When applying for accreditation to provide complex data integration services, entities may also consider becoming accredited for only part of the services. For example, specialist data linkage centres may seek only to be accredited for the data linkage phases of data integration, while secure access data service providers may seek to be accredited to only undertake data merging services. In these circumstances, the National Data Commissioner can impose conditions that the entity provide only particular parts of a service, or provide those services in a particular way.

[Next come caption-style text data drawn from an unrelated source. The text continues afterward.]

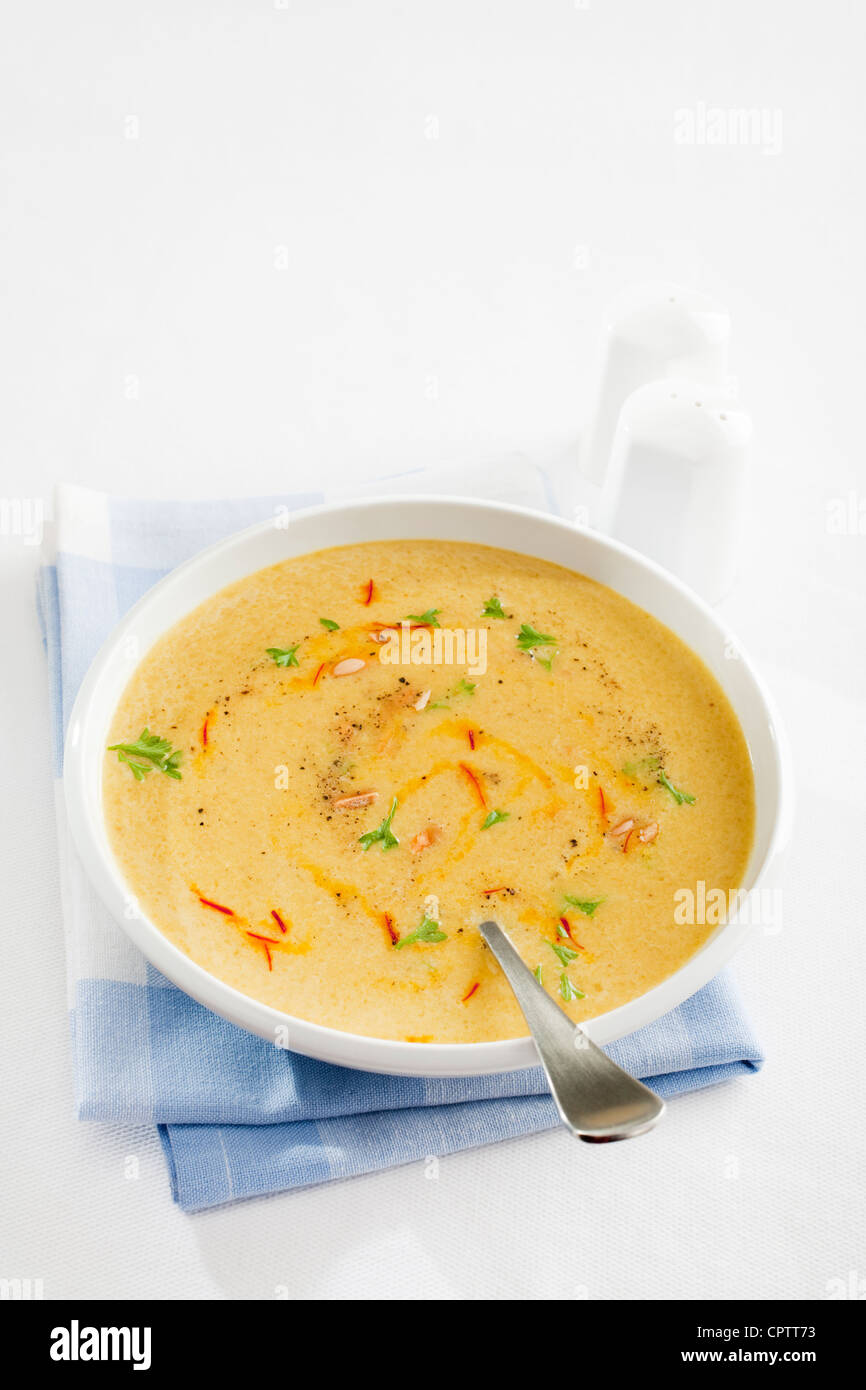Klassische spanische Suppe, Zwiebel mit Sherry, Mandeln und Safran in eine leckere Gemüsebrühe ablöschen. Leicht und lecker! Stockfoto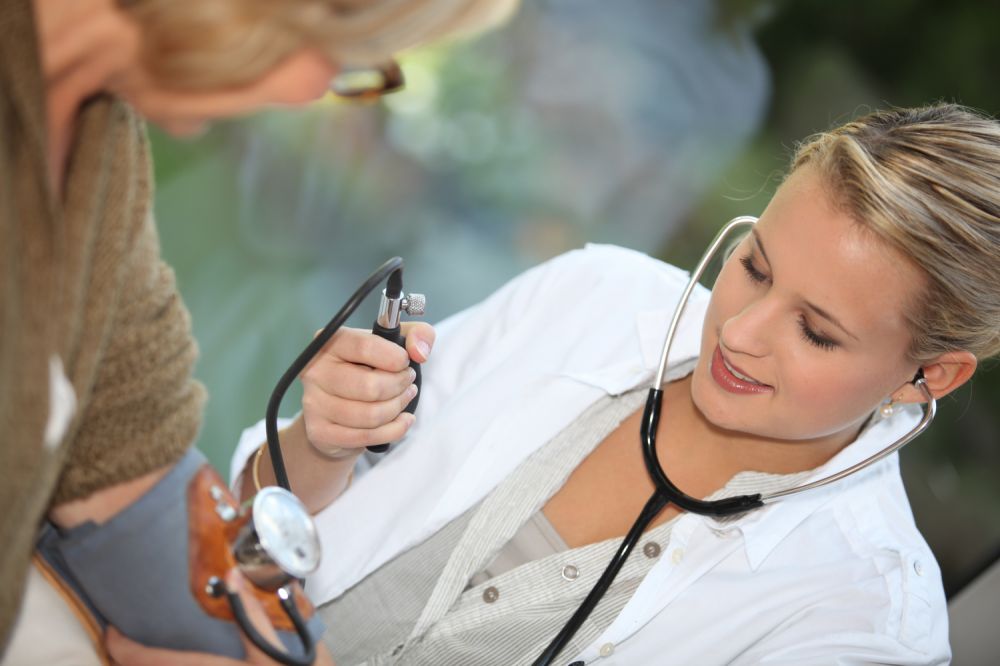 Bayerns Gesundheitsministerin warnt vor Allergiepf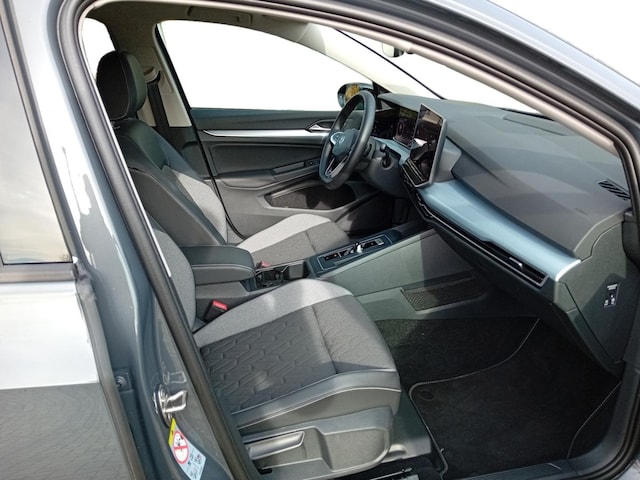 Volkswagen Golf 1.5 eTSI DSG Golf VIII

Other data services an ADSP can perform under the DATA Scheme
Although certain functions under the DATA Scheme must be provided by an ADSP, ADSPs may provide other services as part of a data sharing project depending on the needs of the data custodian and the accredited user. These may be specified in the data sharing agreement for a project, or may be subject to other arrangements agreed between the parties. Additional services undertaken by an ADSP in relation to a data sharing project could include:
- data analysis
- data product development
- co-ordinating ethics applications
- carrying out privacy impact assessments
- data or methodological development
- quality assurance
- data curation services
- producing technical papers.
ADSPs that are also data custodians may hold data as an agent for another data custodian (sometimes referred to as ‘data curation services’). In this capacity ADSPs may undertake development of data sharing agreements with the accredited user. However, unless the data custodian of the source data has authorised the ADSP to act as an agent for the data custodian under the DATA Scheme, the data custodian of the source data will need to be the data custodian party to the data sharing agreement and to discharge their duties as such under the DATA Scheme.
Data custodians and accredited users should make their own assessments of an ADSP’s capabilities where these services are included as part of a DATA Scheme project.
1 See subsection 16C(3)
2 See subsection 16C(4)
3 See subsection 16D(3)
4 Note, no such matters are currently prescribed.
Guidance note 2024:3
Last updated: 28 August 2024